Seventy-five students are registered for the course on the controversy magnet, and there was a waiting list to get in.
Georgia State University offered a course on West in 2015, and one at the University of Missouri in 2014 focused on West and Jay-Z. Dr. Jeffrey McCune, an associate professor in the African and African-American Studies and the Women, Gender and Sexuality Studies departments, helms this course on the rapper, producer and fashion designer.
McCune promises the course isn’t an excuse to fawn over West’s music, nor will it be a weekly exercise in West bashing.

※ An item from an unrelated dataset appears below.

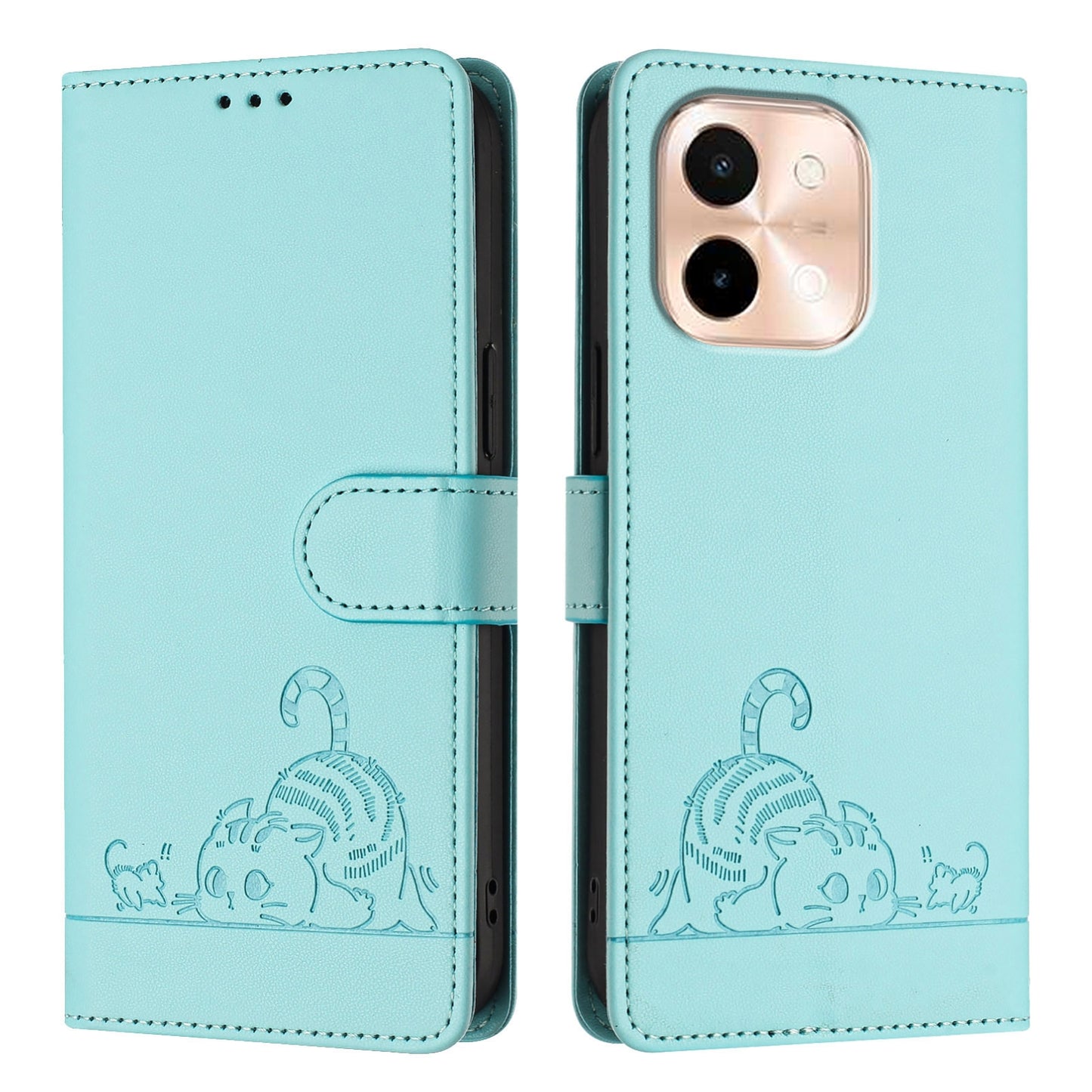 For vivo Y28 4G Cat and Rat Embossed Pattern, RFID Leather Phone Case with Lanyard, Kickstand, and Wallet Features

Highlights from the artist’s life last year include a lauded album, “The Life of Pablo,” and a public breakdown followed by a stint in rehab.
People are also reading…
McCune sees the course as a “good way to get students to connect issues of politics, race, gender, sexuality and culture.”
He’s had the concept in his head for a long time.

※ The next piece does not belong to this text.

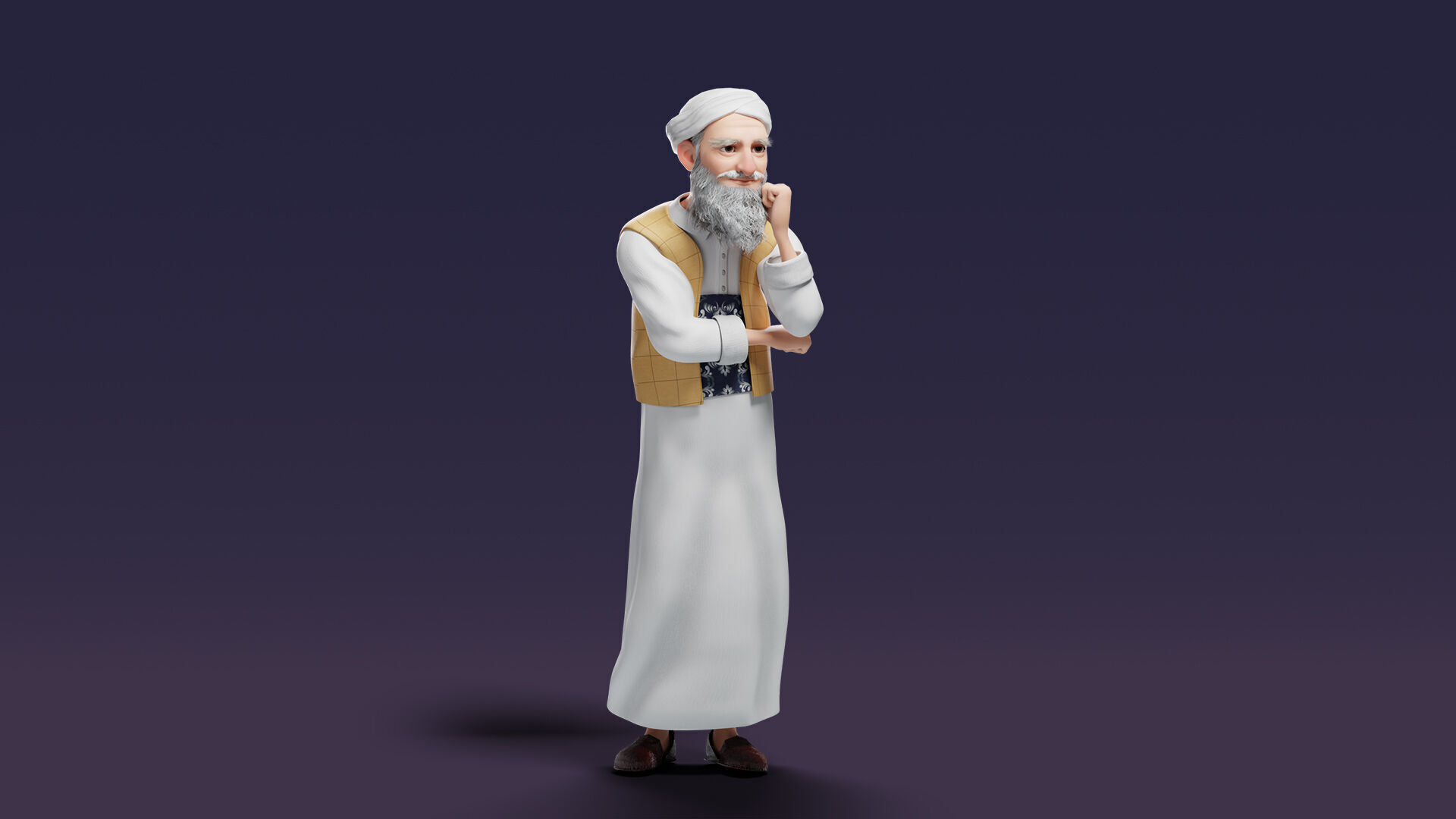 Cartoon Arab Uncle  Low-poly 3D model_14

“I always wanted to teach a course looking at black genius and the impossibility of black genius for the American public,” he says. “We’re always thought of as maybe being articulate or smart but not really genius.”

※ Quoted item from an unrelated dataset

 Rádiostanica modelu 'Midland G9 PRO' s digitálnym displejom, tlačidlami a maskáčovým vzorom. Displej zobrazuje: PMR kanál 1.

McCune says West, via hip-hop, helped give African-Americans platforms on which they could become all sorts of geniuses — literary, musical and more.
“Hip-hop is a way to show our creative genius,” he says. “Kanye really uses hip-hop as a vehicle to display all of his talents, albeit some better than others.”
McCune thought now was the right time to start the course. “Many people spend a lot of time talking about Kanye as a controversial and somewhat hot-headed figure,” he says. “They’re very interested in Kanye West as a source of personality. Throughout his career, he has always interested me — his sense of black excellence, his belief that we have within us the capacity for greatness. I know for Kanye that has translated as narcissism and arrogance.”
But, he adds, there’s also “a healthy dose of confidence and investment in black excellence that translates to so many people, and young people in particular. I knew my students had connections to Kanye. They’re always referencing his music and performances and videos and fashion. What better time than now to take seriously Kanye West as a cultural icon? I’m always interested in how he’s pushing whatever boundaries.”
McCune says West surprises by constantly pushing the bar of what’s expected from a rapper, including reminding the public of hip-hop’s connection to politics. West famously said on national television, in response to Hurricane Katrina, that former President George W. Bush doesn’t care about black people.
“At that point, I realized the dynamics of this performer, how he embodied multiple fears of black life,” McCune says.
Some topics on the syllabus for the 14-week course:
• “Who is Kanye West and Why Is He in the Flashing Lights?”
• “Touch the Sky, When the Aspirant Turns Genius”
• “Father Stretch My Hands, or How Hip-Hop Takes Us to Church”
• “Love Lock Down, or Hip-Hop’s Queer Love Languages”
• “I Love Kanye, or How Critique Slips Into Hate”
McCune promises there will be a full segment on “The Swift Moment,” referring to West’s onstage confrontation with pop singer Taylor Swift at the 2009 MTV Video Music Awards.
Lectures take place on Tuesdays; “critical listening parties” are Thursdays, with guest artists on select Thursdays.
McCune first discovered West when he appeared on TV’s “Def Poetry Jam” in 2004, the same year of his debut album, “The College Dropout.”
McCune, who, like West, is a Chicago native, says they grew up in the same neighborhood. They’re both the same age — 39. He names “Graduation” (2007) as his favorite West album. “It’s quintessentially produced and has its own optimistic personality. ... Every album teaches you something.”
McCune, author of 2014’s “Sexual Discretion: Black Masculinity and the Politics of Passing” (University of Chicago Press) is working on a new book, “On Kanye West.” He will give a series of lectures, open to the public, on Feb. 15, March 8 and April 12 at Washington University (exact locations to be announced).